The ID signature of networks built upon points embedded in a metric space is consistent with the ID of the underlying manifold from which the points were extracted. Points are uniformly sampled in the interval (0,10) (blue and green curves) or in a square with a side length of 10 (orange curve), embedded in 100 dimensions by adding 99 or 98 zeros, and then Gaussian noise with standard deviation \(\varepsilon\) is added to all the coordinates. We then create the network by connecting each 100-dimensional point to a random number of neighbors extracted from a Poisson distribution with given intensity (i.e. mean value) \(\lambda\). \(\lambda\) is 10 for the green and blue networks and 6 for the orange one. While at high scales the ID signature reaches a plateau corresponding to the expected value (namely 1 or 2), at small distances the ID depends on the given combination of \(\varepsilon\) and \(\lambda\). In particular, the larger is the noise, the greater the dimensionality estimated at small scales, as the low-dimensional structure becomes temporarily hidden from the nonnegligible noisy coordinates.

The rich behavior of the ID as a function of the scale observed in artificial networks that emerges from Fig. 1 prompted us to introduce an approach that allows inferring the parameters of a mechanistic model able to reproduce a target ID curve. This is achieved by wrapping a generative model within the framework of the Approximate Bayesian Computation32,33 (ABC). We will show that networks generated using ABC in such a way that their ID signature reproduces that of a target network will be statistically similar/close to the target network according to degree distribution, closeness, betweenness, clustering coefficient and page rank, all observables that are not directly controlled for in ABC. We apply our algorithm on benchmark systems, comparing its performance on simple generative models, and show that ABC using the ID signature as summary statistics, allows the estimation of the ground truth generative parameters. This occurs even for more sophisticated and flexible mechanistic models, with up to 8 parameters. For some classes of networks, we find that the ID signature alone, even if well reproduced, does not allow us to uniquely identify the original parameters with a sufficiently narrow posterior; it leads, instead, to a class of estimates—a manifold in the space of parameters—that, nonetheless, always includes the generative parameters associated with the observed network. We also find that, for other networks characterized by a large diameter, it is impossible to reproduce the reference ID signature with generative models available in the literature and that we tested. Therefore, we developed a new generative network algorithm in which the ID at different scales is dynamically controlled while the network is built. We will show that this approach allows the generation of ensembles of networks whose properties are statistically similar to real-world networks, even when standard generative models fail.

Methods

In this section, we present the three ingredients of our approach: the discrete intrinsic dimension estimator, the ABC algorithm and the ID-guided generative network model.
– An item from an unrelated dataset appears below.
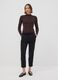 Brown fitted viscose-blend jumper with mock neck_1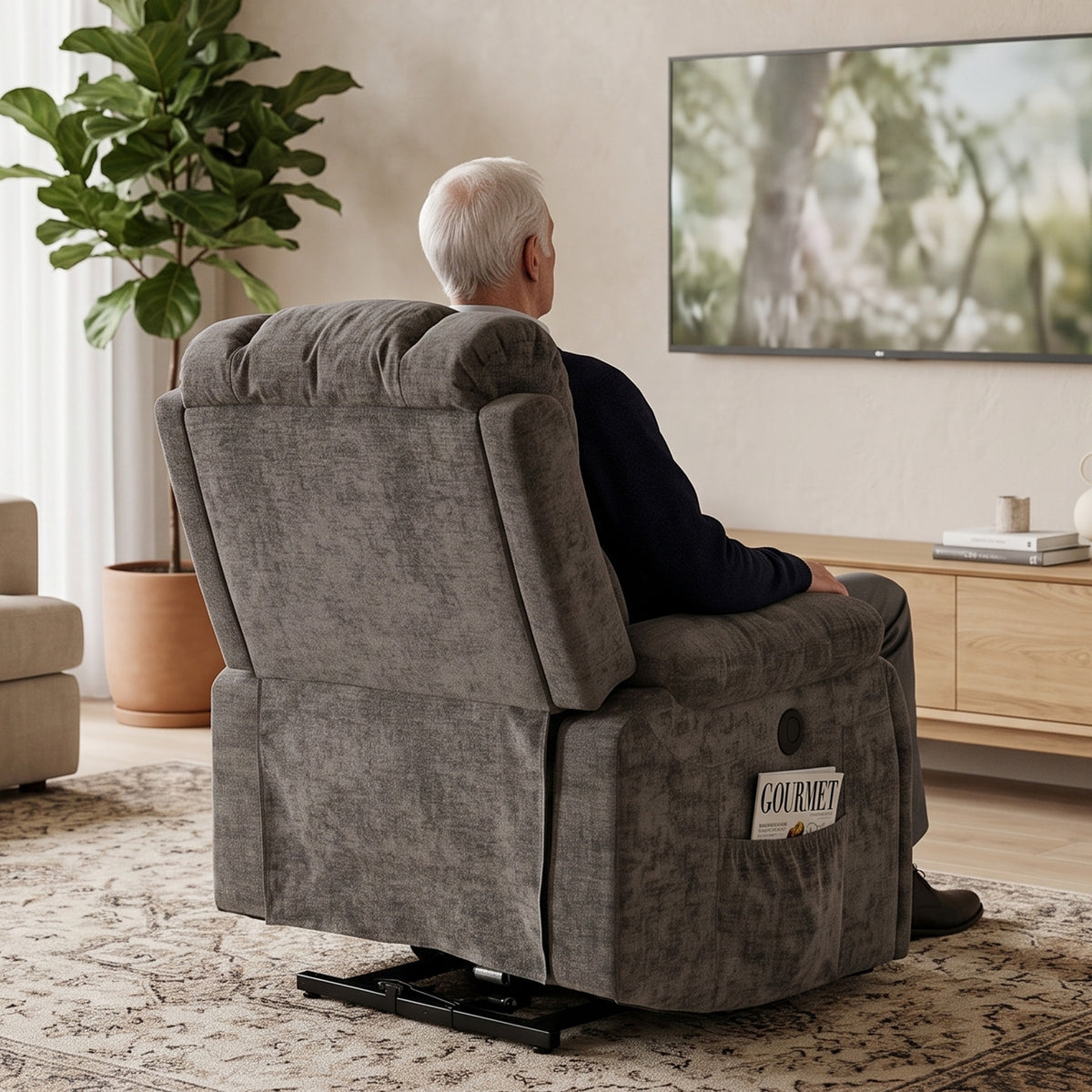 Elektrischer Relaxsessel mit Aufstehhilfe, Massage und Wärme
Estimating the ID of a graph

We infer the ID of a network from the probability distribution of the distances between the nodes as measured by the number of links to go from one node to another following the shortest path. Since these distances, in an unweighted network, can only take discrete values, we use I3D31, an approach specifically developed for estimating the ID in datasets in which the features can only assume integer values. In this approach, one chooses two integers \(R_1\) and \(R_2>R_1\), and counts, for each data point i, the number of data points whose \(L^1\) distance from i is smaller than or equal to \(R_2\) (denoted by \(k_i\)), and the number of data points whose distance from i is smaller than or equal to \(R_1\) (denoted by \(n_i\)). In Ref.31,34 it is proven that, under some regularity assumptions, \(n_i\) is a realization of a binomial random variable where \(k_i\) is the number of trials, and the success probability p depends only on \(R_1\), \(R_2\), and the dimension d of the square lattice which contains the data: \(n_i | k_i\sim \textrm{Binomial}(k_i,p(d,R_1,R_2))\). An explicit formula for p can be derived by the Ehrhart theory of polynomials35,36. In particular, \(p(d,R_1,R_2)={V_\diamond (R_1,d)}/{V_\diamond (R_2,d)}\) where \(V_\diamond (R,d)\) is the number of points that would be observed within a distance R on a square lattice of dimension d:

$$\begin{aligned} V_\diamond (R,d)= \left( {\begin{array}{c}d+R\\ d\end{array}}\right) \;_2F_1(-d,-R,-d-R,-1). \end{aligned}$$
(1)

where \(_2F_1(\cdot ,\cdot ,\cdot ,\cdot )\) is the ordinary hypergeometric function. Extending the reasoning from a single reference point i to the whole dataset, and assuming independence among the N random variables \(n_i\), one can write the conditional probability of observing the vector of \(n_i\)-s given the values of \(k_i\)-s and given p:

$$\begin{aligned} \mathcal {L}=\prod _{i=1}^N\textrm{Binomial}(n_i|k_i,p(d,R_1,R_2)). \end{aligned}$$
(2)

where \(\textrm{Binomial}(n|k,p)\) denotes the probability mass function of a \(\textrm{Binomial}(k,p)\) random variable evaluated in n. One then estimates the ID by maximising \(\mathcal {L}\) with respect to d (or, alternatively, by taking the average of the posterior, which, assuming a Beta conjugate prior, is a Beta distribution31). This amounts to finding the root of

$$\begin{aligned} \frac{V_\diamond (R_1,d)}{V_\diamond (R_2,d)} - \frac{ { \langle n \rangle } }{ { \langle k \rangle } } = 0. \end{aligned}$$
(3)

where \({ \langle n \rangle }\) e \({ \langle k \rangle }\) are averages computed over all nodes in the network. By varying \(R_2\) and imposing \(R_1=r\;R_2\), where \(0<r<1\) is the only free parameter of the model, one obtains the value of the ID at different scales \(R_2\). In the rest of the work, we set \(r=0.5\).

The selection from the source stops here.